Rise of the Planet of the Apes (2011) – A Review


A review of the 2011 sci-fi film Rise of the Planet of the Apes starring James Franco, Brian Cox, John Lithgow and Andy Serkis

Rise of Planet of the Apes Caesar

It seemed like a perfect pairing – a retelling of the 1968 classic Planet of the Apes and Tim Burton. Well, that didn’t exactly pan out. After that cinematic disappointment it cooled me on the idea of rebooting the franchise and thought it was probably better off left where it was. However, that’s not what Hollywood does and inevitably it would try to reignite the franchise going back to the beginning of the Ape story in 2011’s Rise of the Planet of the Apes.

And you know what? It’s pretty good! Set in modern day San Francisco, James Franco is a scientist (never thought I would enjoy a movie with that casting decision) who creates a new drug to cure Alzheimer’s and save his father (John Lithgow) who is suffering from it.
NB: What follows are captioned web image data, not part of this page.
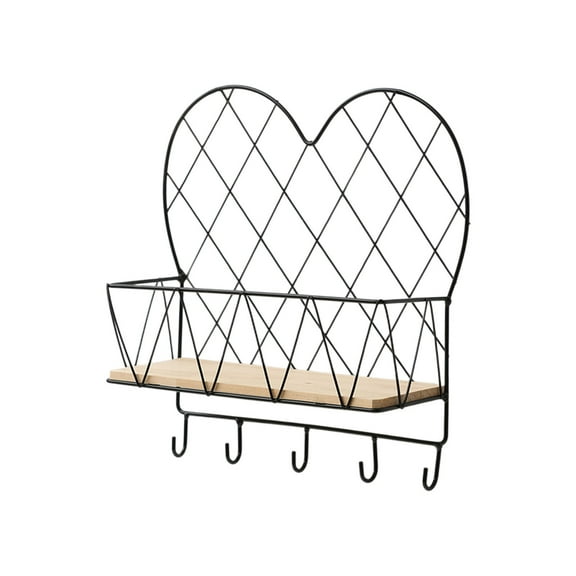Black Heart Shaped Floating Shelves Metal Wall Shelves Decorative Storage Shelves For Living Room Bathroom Bedroom Book Display Romantic Industrial Modern Home Decor
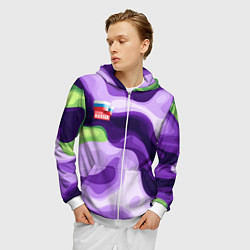 Толстовка 3D на молнии мужская Фиолетовый камуфляж Россия, цвет: 3D-белый — фото 2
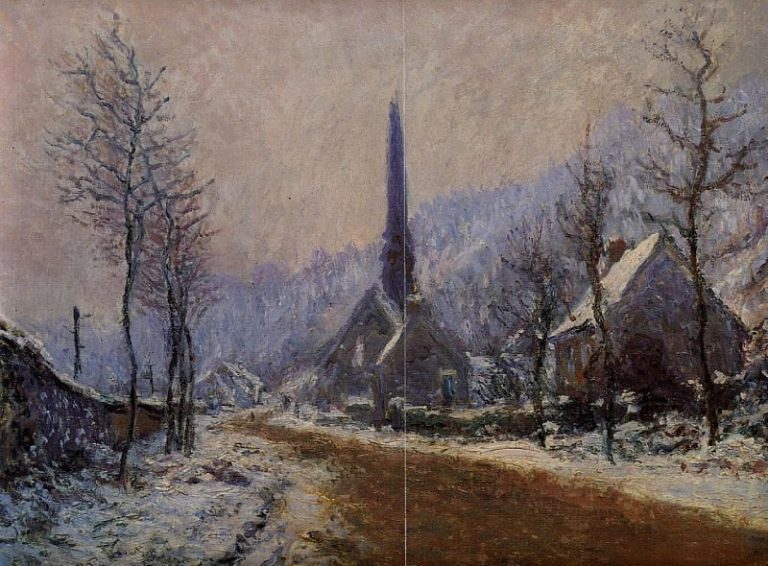 Церковь в Jeufosse, снежная погода картина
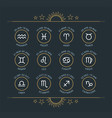 zodiac icon collection sacred symbols set vector image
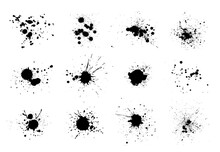 Black Ink Splatter Isolated On White Background. Watercolor Paint Brush Texture. Ink Splash And Stain Set. Grunge Spray Drop Spatter, Dirty Blot Splatters And Splat. Abstract Splash Blobs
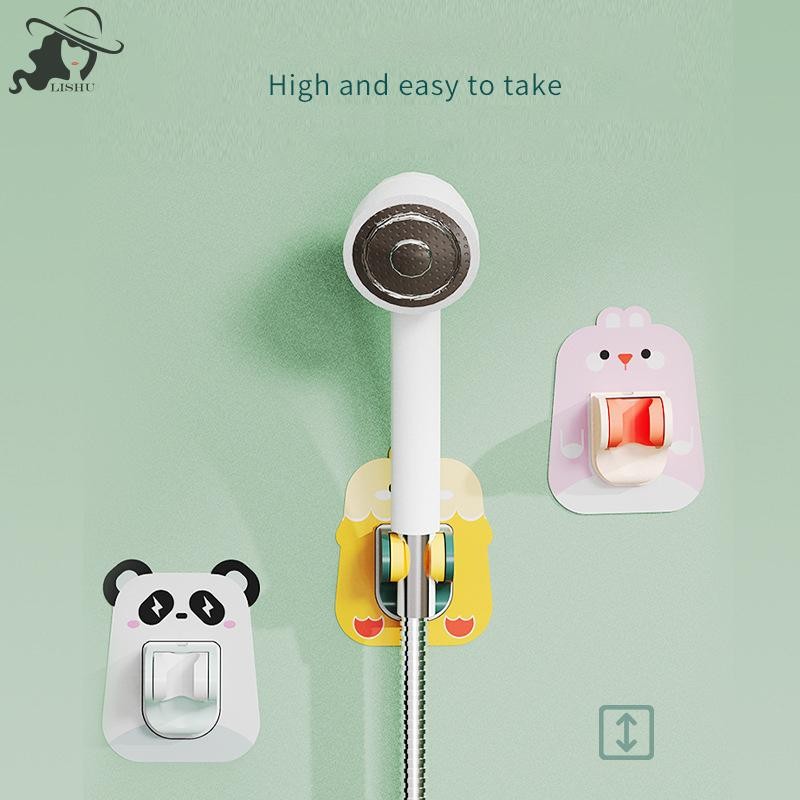 Lishhu Showerhead ขาตั้งการ์ตูนฐานหัวฝักบัวพลาสติก Wall Mount อุปกรณ์ห้องน้ําหัวฝักบัวผู้ถือปรับ th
After being given the drug his father shows signs of improvement and Franco finds himself the proud owner of a Caesar, a chimp who also has the drug racing through his veins. Soon he learns this ‘cure’ isn’t what he had hoped and it affects humans and apes much differently. The makings of an apes revolt take shape with Caesar leading the charge.

Although a new Apes movie would easily generate attention and interest, I initially didn’t expect much from it and it ended up being a surprisingly entertaining film. The cast are very good in their roles – Franco, Lithgow, Freida Pinto, Brian Cox, but the movie really belongs to Andy Serkis, whose motion-capture performance of Caesar sells the entire story.

He conveys Caesar’s confusion, affection, sadness and eventual anger throughout the entire film. This ape is not just a CGI creation, but is a character you sympathize with. It’s another brilliant performance by Serkis following his Gollum from the Rings trilogy.

The film does the occasional shout-outs to the original with a few nods – a quote, here a reference there – but they’re fleeting and nicely handled. In the end it sets the stage for a continuation to the story, which apparently there are plans for it. It would certainly be something I’d be interested in seeing.